[HN Gopher] Synthea: Open-source synthetic patient generation
___________________________________________________________________
Synthea: Open-source synthetic patient generation
Author : johncole
Score : 58 points
Date : 2023-05-19 14:30 UTC (8 hours ago)
(HTM) web link (synthetichealth.github.io)
(TXT) w3m dump (synthetichealth.github.io)
| synaesthesisx wrote:
| I've worked at the intersection of AI & healthcare for years and
| this has been an excellent tool I've leveraged in the past;
| synthetic data is particularly helpful in the context of
| healthcare!
| ThaDood wrote:
| I actually had this idea when I worked for a local HIE. I just
| lacked the technical competency to make it real. I think this
| would be incredibly useful for the adoption of FHIR and also
| learning more about HL7. For security-minded folks this
| information could be a good tool for tuning DLP and other tools
| without using real patient data.
| ska wrote:
| I've done this sort of thing before with home-rolled tools, it
| easily becomes a time sink. Having a centralized shared effort
| seems like it could be really valuable.
|
| One thing that is tricky is that you often needs signals and/or
| image data as well.
| reshmakh wrote:
| Synthea is great! We use it a ton at Medplum - and the sample
| data that conforms to USCDI is especially useful we recommend for
| those who are getting started.
| https://www.medplum.com/docs/tutorials/importing-sample-data
| techwizrd wrote:
| I never expected to see MITRE on the front page of HN! We're
| actively adding more synthetic data sources to Synthea all the
| time.
| shawnz wrote:
| Doesn't MITRE maintain the CVE database?
| orbz wrote:
| Yes, MITRE is a non-profit organization that works with a
| number of US government agencies to cover a pretty large
| swath of areas: https://www.mitre.org/focus-areas
| orbz wrote:
| Love Synthea, it's an amazing project and you should be very
| proud of it. My only gripe is how clean the data is compared to
| what many other EHR providers actually generate, but that's
| more on them than you guys.
| ska wrote:
| It would be perhaps interesting to add a layer capable of
| injecting reasonable noise on top of these clean records.
| techwizrd wrote:
| I was thinking about earlier this month actually! I
| generate a lot of synthetic flight data, and we have to
| reproduce the noisiness of real data as well.
| MilStdJunkie wrote:
| Does anyone know if there is an equivalent for generating
| "random" viable products[1] in a PDM/ERP system?
|
| I'm demoing some systems in this field for outside interests, but
| I can't use any "real" data due to ITAR and data restrictions
| like TC, NC, etc. Wait, what about the ERP? The ERP I'm
| developing against has "sample" data that's basically useless.
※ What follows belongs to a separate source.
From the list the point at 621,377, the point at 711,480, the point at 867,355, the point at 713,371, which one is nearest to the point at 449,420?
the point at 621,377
| Not much better than _lorem ipsum_ pasted across ten thousand
| cells. Actually, it 's worse than that, because . . ah hell, this
| is HN, I won't waste your time. People here know what the ERP
| ecosystem is like. I also don't want to build out from a bespoke,
| brittle ERP - that's how we got into this mess in the first
| place.
|
| [1] Like a multi-level BOM that makes sense, or a Service BOM /
| Logistics Database that's meaningful. Anything for making pseudo-
| random PLs that follow MIL-STD-100, which is still considered
| frickin' Holy Ground by these people.
| ted_dunning wrote:
| Building synthetic BOMs can be fairly straightforward if you
| can define the level of coherency you want to see. The only big
| trick in building structured data like this that I have built
| is to first build dictionaries of randomized data with very
| little coherence and then build larger structures that include
| elements of the dictionaries.
|
| As an example, you might want to have a model of users
| interacting with a web site, ordering products and shipping
| them to their homes. This can start with building a dictionary
| of user records and orderable item descriptions. The user
| records would have an address and some "interest" variables
| that define what the user is likely to order. The item
| descriptions can have lots of a little information but would
| centrally contain a part number and some information that
| allows the part to be selected efficiently (a numerical vector
| may be enough). If you want to be crazy, you can use generative
| models to generate descriptions from random semantic starting
| points or use lower level tables to piece together these
| things.
|
| At this point, you can pretty easily build a user model and run
| it for each user to generate coherent transactional histories.
|
| Several of these ideas are present in a project I worked on
| called log-synth [1]. For instance, the VIN generator has
| tables of factories and such for BMW and Ford so it generates
| kind of coherent VINs that can be traced back with factory
| location, engine and body type. If you look hard these are
| nonsense, but if you squint the right way they look fine.
|
| The commuter generator or the DNS query generator are examples
| of a higher-level transaction generators. For the commuter,
| there is a model of a user with a home location and a work
| location. These commuters go to work some days and run errands
| other day and there is a simple model to pick an activity.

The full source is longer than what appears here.